Friday, February 28, 2020

Some useful coronavirus / #COVID2019 insights from The Atlantic and Bloomberg.Com

From The Atlantic - 

COVID-19 is already reported to have killed more than twice that number [1,000 killed by SARS and MERS respectively]. With its potent mix of characteristics, this virus is unlike most that capture popular attention: It is deadly, but not too deadly. It makes people sick, but not in predictable, uniquely identifiable ways…the new virus may be most dangerous because, it seems, it may sometimes cause no symptoms at all….

The Harvard epidemiology professor Marc Lipsitch is exacting in his diction, even for an epidemiologist. Twice in our conversation he started to say something, then paused and said, “Actually, let me start again.” So it’s striking when one of the points he wanted to get exactly right was this: “I think the likely outcome is that it will ultimately not be containable.” … Even with the ideal containment, the virus’s spread may have been inevitable. Testing people who are already extremely sick is an imperfect strategy if people can spread the virus without even feeling bad enough to stay home from work.

Lipsitch predicts that within the coming year, some 40 to 70 percent of people around the world will be infected with the virus that causes COVID-19. But, he clarifies emphatically, this does not mean that all will have severe illnesses. “It’s likely that many will have mild disease, or may be asymptomatic,” he said. As with influenza, which is often life-threatening to people with chronic health conditions and of older age, most cases pass without medical care. (Overall, about 14 percent of people with influenza have no symptoms.)

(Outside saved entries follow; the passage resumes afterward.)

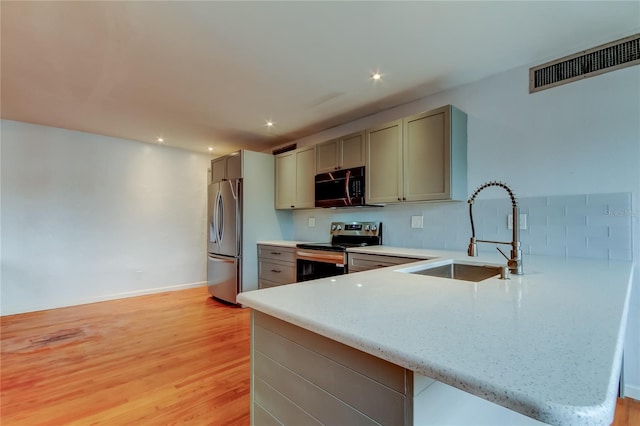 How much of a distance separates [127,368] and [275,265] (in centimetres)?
183

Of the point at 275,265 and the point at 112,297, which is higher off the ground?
the point at 275,265

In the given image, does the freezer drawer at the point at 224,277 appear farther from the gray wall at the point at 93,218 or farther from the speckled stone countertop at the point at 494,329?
the speckled stone countertop at the point at 494,329

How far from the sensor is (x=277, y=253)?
3.78 meters

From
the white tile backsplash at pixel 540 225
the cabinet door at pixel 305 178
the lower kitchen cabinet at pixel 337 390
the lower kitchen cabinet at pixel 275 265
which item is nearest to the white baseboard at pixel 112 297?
the lower kitchen cabinet at pixel 275 265

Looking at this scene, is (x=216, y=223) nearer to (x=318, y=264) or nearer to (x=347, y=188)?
(x=318, y=264)

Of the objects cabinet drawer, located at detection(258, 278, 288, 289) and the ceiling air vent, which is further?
cabinet drawer, located at detection(258, 278, 288, 289)

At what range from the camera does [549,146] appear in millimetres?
2275

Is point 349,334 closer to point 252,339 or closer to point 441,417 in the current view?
point 441,417

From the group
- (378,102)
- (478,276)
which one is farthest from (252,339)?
(378,102)

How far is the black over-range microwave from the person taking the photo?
127 inches

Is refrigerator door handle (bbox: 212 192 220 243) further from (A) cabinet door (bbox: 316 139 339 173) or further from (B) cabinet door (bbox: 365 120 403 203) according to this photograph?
(B) cabinet door (bbox: 365 120 403 203)

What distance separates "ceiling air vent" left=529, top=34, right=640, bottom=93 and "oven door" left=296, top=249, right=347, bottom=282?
7.17 feet

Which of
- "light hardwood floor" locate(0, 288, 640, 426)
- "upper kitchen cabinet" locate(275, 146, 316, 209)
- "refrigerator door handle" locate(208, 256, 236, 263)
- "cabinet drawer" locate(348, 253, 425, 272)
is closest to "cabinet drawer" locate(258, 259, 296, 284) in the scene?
"refrigerator door handle" locate(208, 256, 236, 263)

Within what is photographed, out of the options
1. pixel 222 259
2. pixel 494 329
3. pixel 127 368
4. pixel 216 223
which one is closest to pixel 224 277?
pixel 222 259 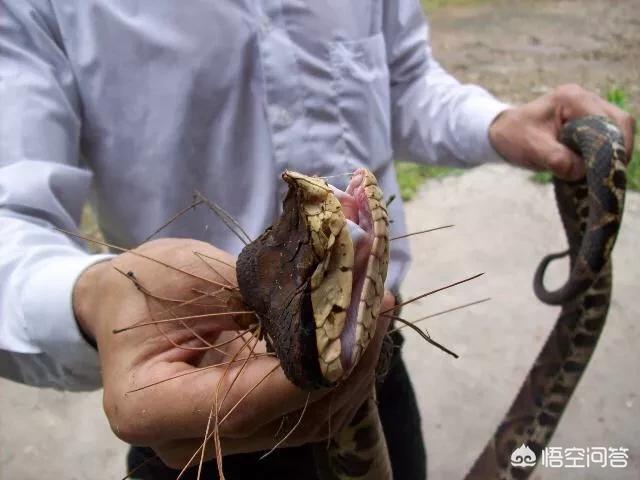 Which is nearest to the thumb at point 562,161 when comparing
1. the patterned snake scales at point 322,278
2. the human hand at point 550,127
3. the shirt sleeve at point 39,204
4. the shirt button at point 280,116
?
the human hand at point 550,127

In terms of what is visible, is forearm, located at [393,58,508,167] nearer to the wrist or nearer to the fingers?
the fingers

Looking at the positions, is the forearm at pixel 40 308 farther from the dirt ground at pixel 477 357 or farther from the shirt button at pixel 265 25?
the dirt ground at pixel 477 357

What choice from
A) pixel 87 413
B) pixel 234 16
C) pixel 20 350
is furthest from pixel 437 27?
pixel 20 350

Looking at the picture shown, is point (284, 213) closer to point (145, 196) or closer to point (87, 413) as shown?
point (145, 196)

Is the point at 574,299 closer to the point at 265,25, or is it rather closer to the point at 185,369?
the point at 265,25

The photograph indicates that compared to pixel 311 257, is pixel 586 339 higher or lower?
lower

Lipsitch is far from alone in his belief that this virus will continue to spread widely. The emerging consensus among epidemiologists is that the most likely outcome of this outbreak is a new seasonal disease—a fifth “endemic” coronavirus. With the other four, people are not known to develop long-lasting immunity. If this one follows suit, and if the disease continues to be as severe as it is now, “cold and flu season” could become “cold and flu and COVID-19 season.”



From Bloomberg.com 

Coronavirus Mismanagement

One nasty coronavirus side effect seems to be that it makes government officials forget how to act. Like the bug itself, this epidemic of shaky leadership is spreading quickly around the world.
As with Covid-19, the clumsiness began in China, where authorities spent the contagion’s early days denying anything was wrong. They got their act together soon enough, enacting drastic quarantine measures, but too late to stop the disease. By then, the World Health Organization had caught China’s overly optimistic attitude. It still won’t call the virus a pandemic, though it increasingly walks and quacks like one. The WHO’s desire to mollify China, a major donor, and avoid a panic have outweighed its need to protect public health, writes Therese Raphael. It’s got to get its priorities straight.
President Donald Trump too has overindulged in coronavirus denialism, with optimistic promises his health agencies, and events, almost immediately contradict. He had a chance to get everybody singing from the same hymnal last night in a news conference, in which he could have reiterated that the disease isn’t the end of the world, while also urging Americans to prepare. Instead, he rambled and ranted at his enemies and gave Vice President Mike Pence the keys to Virus Busters HQ while immediately undercutting his authority, writes Jonathan Bernstein. It was not reassuring.
The administration does seem closer to embracing reality, at least, Max Nisen writes. But its messages remain too mixed, and there’s still not enough action being taken. The disease will quickly test Trump’s claims it’s all under control.
The real poster child for irresponsible coronavirus leadership must be Iran, though, writes Bobby Ghosh. Its deputy health minister, who was caught feverishly sweating on camera even as he tried to downplay the disease, infected who knows how many people all by himself. The regime has been too blithe about the illness; and given how widely Iranians travel throughout the region and the world, this carelessness is a global health problem. It probably won’t be the last.
Further Dubious Virus Response Reading: Hong Kong’s stimulus seems designed more to boost already overinflated property values than to fight virus effects. — Andy Mukherjee

Markets in Coronavirus

Stocks spent another day being slapped around by coronavirus headlines. All told in this sell-off, the major indexes have lost more than 10%, the technical definition of a “correction,” with the pain intensifying after news California is monitoring 8,400 people for the disease. This volatility is just going to be the norm for a while, writes John Authers.
John says these market declines are still orderly, but you can bet a certain president of the United States doesn’t feel that way. He probably agrees with Narayana Kocherlakota’s call for the Federal Reserve to cut rates immediately to fight the virus’s effects on sentiment and economic activity. It risks losing credibility otherwise, Narayana writes.
Ordinarily a rate cut, or simply the promise of one, would be enough to turn markets around. But in this case it would provide only temporary support, warns Jim Bianco. The market won’t truly bottom until it finally stops responding to negative news quite so negatively. And it won’t do that until we have a better handle on the scope of the crisis. And that could take a while.